=== DIRECTIONS ===
Please keep the images out and set down the data exactly as given.

=== DATASET RECORDS ===

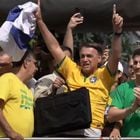 Bolsonaro sobe em trio elétrico na Avenida Paulista acompanhado por segurança com uma mala balística. Foto: @silasmalafaiaoficial via YouTube
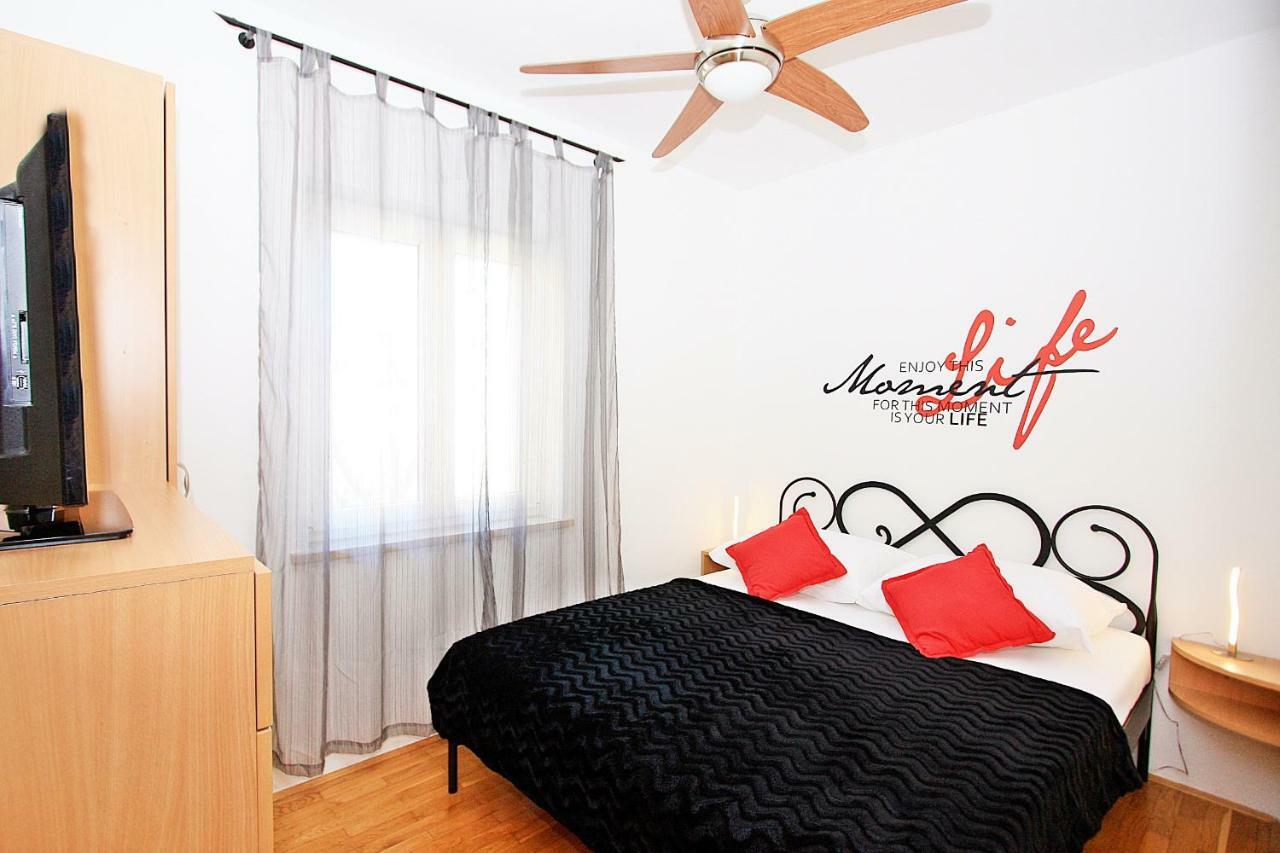 Sweet apartment Marijana Supetar Buitenkant foto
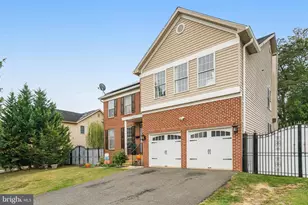 3444 Washington Dr, Falls Church, VA 22041 - Photo 2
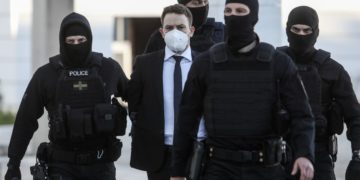 Ο Μπάμπης Αναγνωστόπουλος φτάνει στο Μικρό Ορκωτό Δικαστήριο για να δικαστεί για τη δολοφονία της συζύγου του, Κάρολαιν Κράουτς. (φωτ.: EUROKINISSI/ ΣΩΤΗΡΗΣ ΔΗΜΗΤΡΟΠΟΥΛΟΣ)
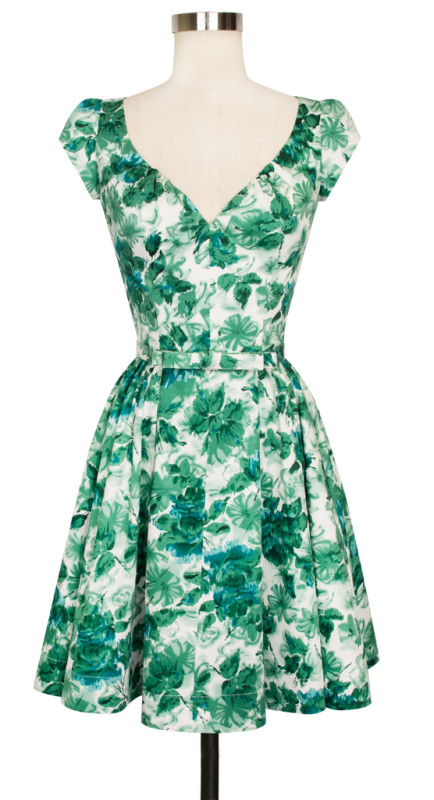 curve friendly fashions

=== REPLY TO THE EXERCISE ===
 Bolsonaro sobe em trio elétrico na Avenida Paulista acompanhado por segurança com uma mala balística. Foto: @silasmalafaiaoficial via YouTube
 Sweet apartment Marijana Supetar Buitenkant foto
 3444 Washington Dr, Falls Church, VA 22041 - Photo 2
 Ο Μπάμπης Αναγνωστόπουλος φτάνει στο Μικρό Ορκωτό Δικαστήριο για να δικαστεί για τη δολοφονία της συζύγου του, Κάρολαιν Κράουτς. (φωτ.: EUROKINISSI/ ΣΩΤΗΡΗΣ ΔΗΜΗΤΡΟΠΟΥΛΟΣ)
 curve friendly fashions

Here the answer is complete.